* Action item
Could you please retype all of the records exactly, skipping any pictures?

* Data to examine

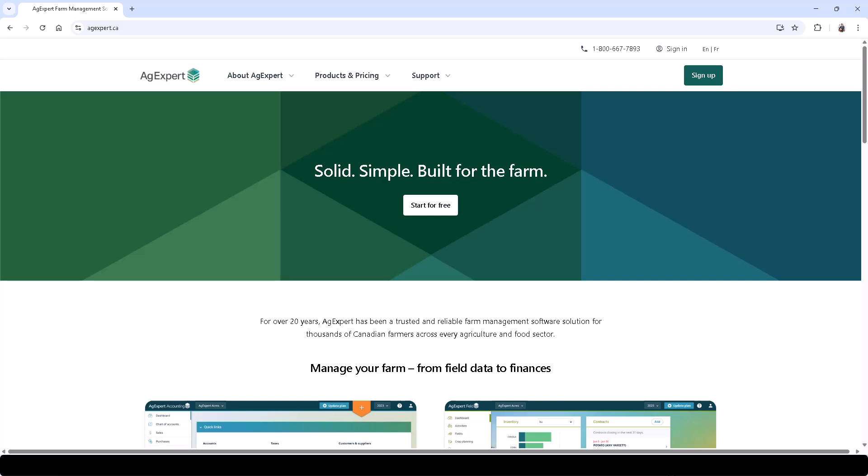AgExpert Accounting helps farmers and agribusinesses manage their finances efficiently. This tutorial will guide you through your initial setup, from creating an account to starting your first transactions.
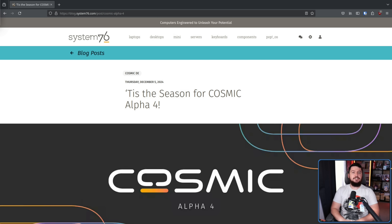As of late, frankly, I've been pretty lazy. I had meant to do a Cosmic Alpha 3 stream, but I kept putting it off, and it just never happened. And now there's not really any reason to go and do so, because just a few days ago, Cosmic Alpha 4 released — the December release of Cosmic.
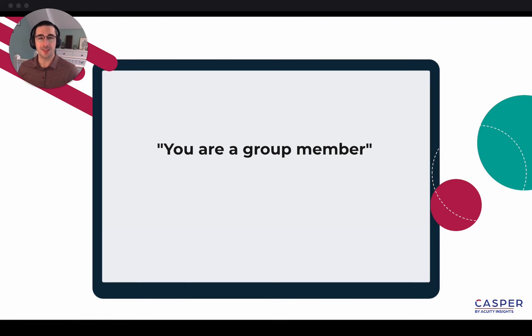When Lucy logs in to take CASPER, she's presented with 14 different situational dilemmas or scenarios. For Lucy, the first scenario — she sees her role on screen right here.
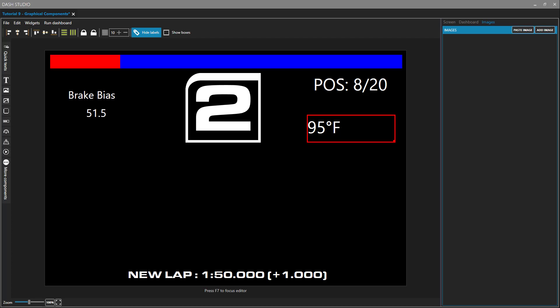Hello, SimHub users. This is the ninth video on a series of using Dash Studio in SimHub. In this video, we're going to cover graphical components on your dashboard, like rectangles and shapes, images, and toggle images.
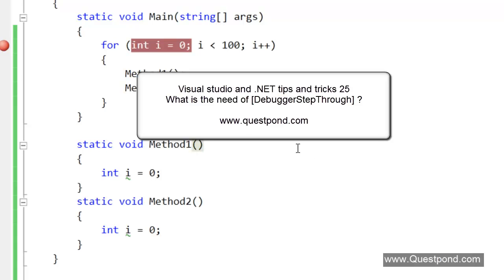Debugging is one of the most important activities which developers do on a daily basis. Lots of times we want to debug something, but we don't want to debug everything.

* Reply
AgExpert Accounting helps farmers and agribusinesses manage their finances efficiently. This tutorial will guide you through your initial setup, from creating an account to starting your first transactions.
As of late, frankly, I've been pretty lazy. I had meant to do a Cosmic Alpha 3 stream, but I kept putting it off, and it just never happened. And now there's not really any reason to go and do so, because just a few days ago, Cosmic Alpha 4 released — the December release of Cosmic.
When Lucy logs in to take CASPER, she's presented with 14 different situational dilemmas or scenarios. For Lucy, the first scenario — she sees her role on screen right here.
Hello, SimHub users. This is the ninth video on a series of using Dash Studio in SimHub. In this video, we're going to cover graphical components on your dashboard, like rectangles and shapes, images, and toggle images.
Debugging is one of the most important activities which developers do on a daily basis. Lots of times we want to debug something, but we don't want to debug everything.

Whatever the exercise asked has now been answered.